Jingnan Shi

Arun’s Method for 3D Registration

This post is about K. S. Arun’s seminal work on estimating the relative transformation between two sets of 3D points using correspondences. This problem is also called point set registration or scan matching.

What is 3D Registration?

Cpd_fish_affine.gif

Figure 1: A sample point set registration solution. Dllu, CC BY-SA 3.0, via Wikimedia Commons.

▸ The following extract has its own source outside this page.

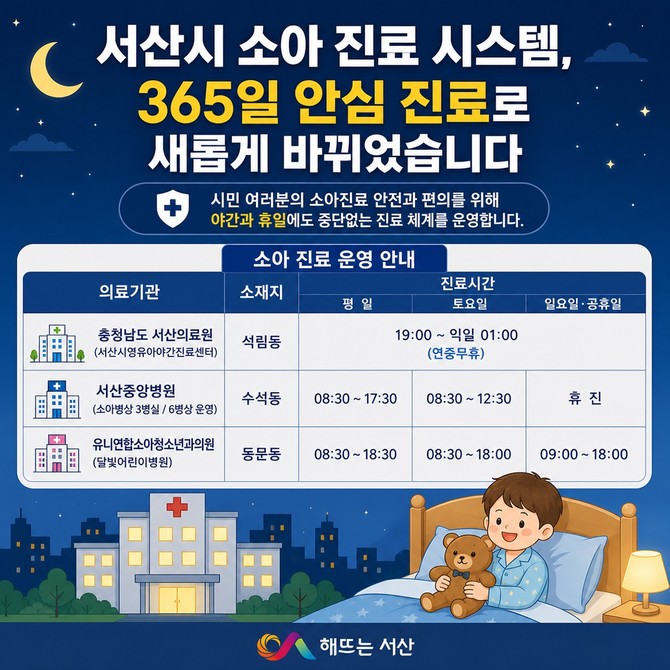 서산시 주요 소아 진료기관 운영시간 현황. ⓒ 서산시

The problem of 3D registration in the broadest sense aims to align two sets of 3D point clouds. The two sets of 3D points can be unordered and without known correspondences. In other words, we do not have information about what corresponds to what in the two input point clouds. Eq. \ref{eq:3dreg-prob} shows this precisely: \[ \mathbf{P'} = \mathbf{R} \mathbf{P} \mathbf{C} + \mathbf{t} \mathbf{1}^{T} \label{eq:3dreg-prob} \tag{1} \] where \(P'\) and \(P\) are \(3 \times N\) matrices representing the two sets of \(N\) points to be registered; \(R\) is the rotation matrix in \(\mathrm{SO(3)}\); \(\mathbf{t}\) is the translation vector; \(\mathbf{1}\) is a \(N \times 1\) vector of all ones, and \(\mathbf{C}\) is a \(N \times N\) correspondence matrix, where the the sum of each row and column equals to \(1\).

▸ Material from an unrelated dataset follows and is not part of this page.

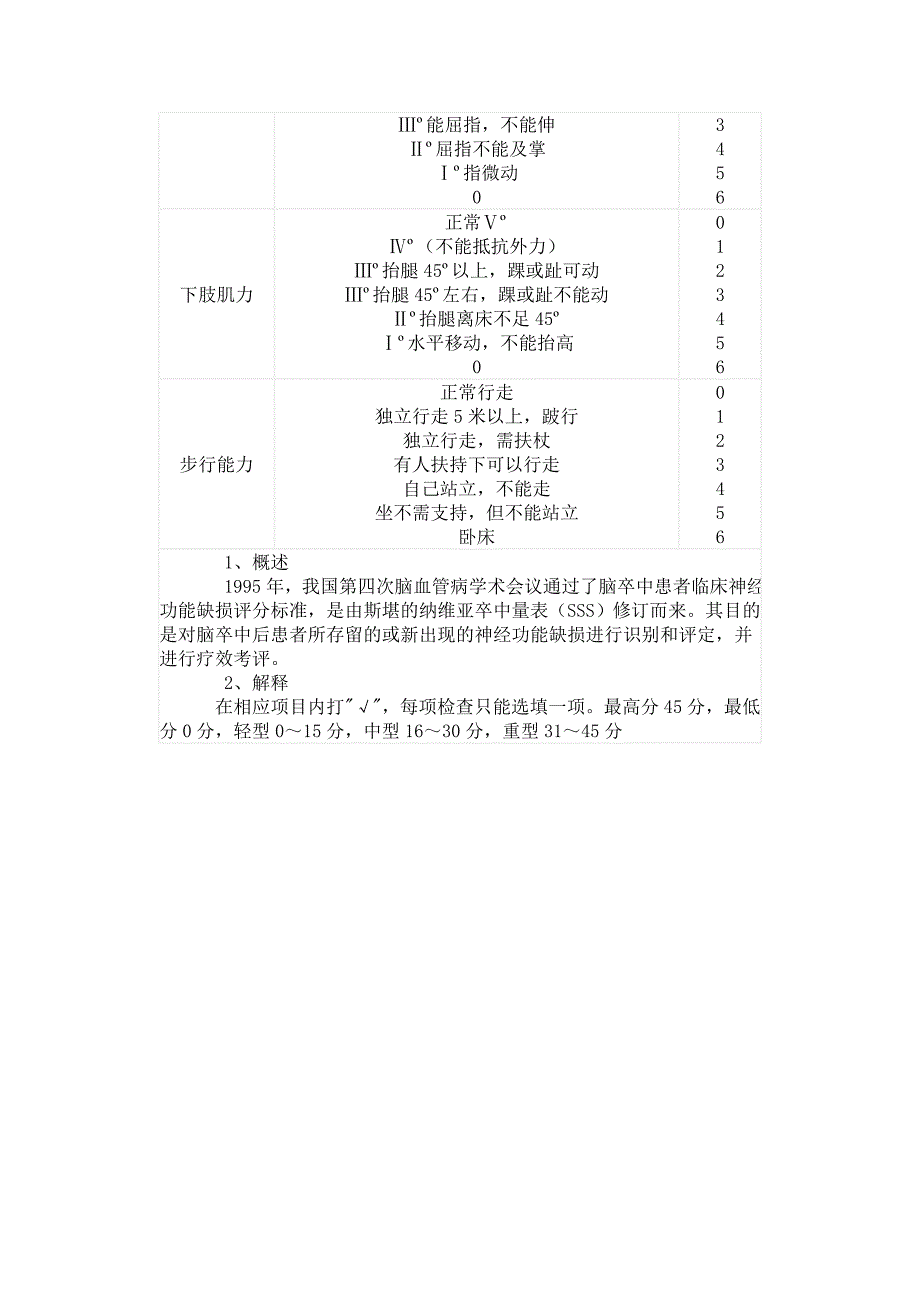 临床神经功能缺损评分标准.doc_第2页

Arun’s method solves Eq. \ref{eq:3dreg-prob} in the case of known \(\mathbf{C}\). In other words, Eq. \ref{eq:3dreg-prob} can be rewritten as: \[ \mathbf{P'} = \mathbf{R} \mathbf{P} + \mathbf{t} \mathbf{1}^{T} \label{eq:3dreg-prob-arun} \tag{2} \]

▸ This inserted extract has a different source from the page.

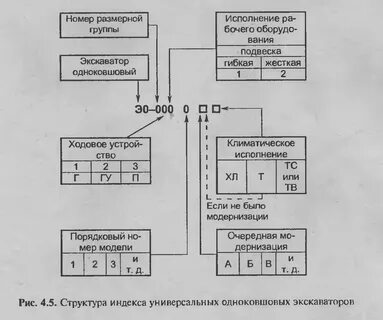 Размерные группы экскаваторов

In the rest of this post, I will walk through Arun’s approach, and present a Python implementation of the algorithm together with some cool visualization.

Arun’s Method

Overview

The paper titled “Least-Squares Fitting of Two 3-D Point Sets”, published by A. S. Arun, T. S. Huang and S. D. Blostein on 1987, describes a non-iterative least-squares approach to match two sets of 3D points. The method itself uses singular value decomposition, which makes the algorithm easy to implement using widely available numerical packages.

Following Eq. \ref{eq:3dreg-prob-arun}, Arun et. al. are trying to minimize the following cost function: \[ \Sigma^{2} = \sum_{i=1}^{N} || p'_{i} - (\mathbf{R} p_{i} + \mathbf{t}) ||^{2} \]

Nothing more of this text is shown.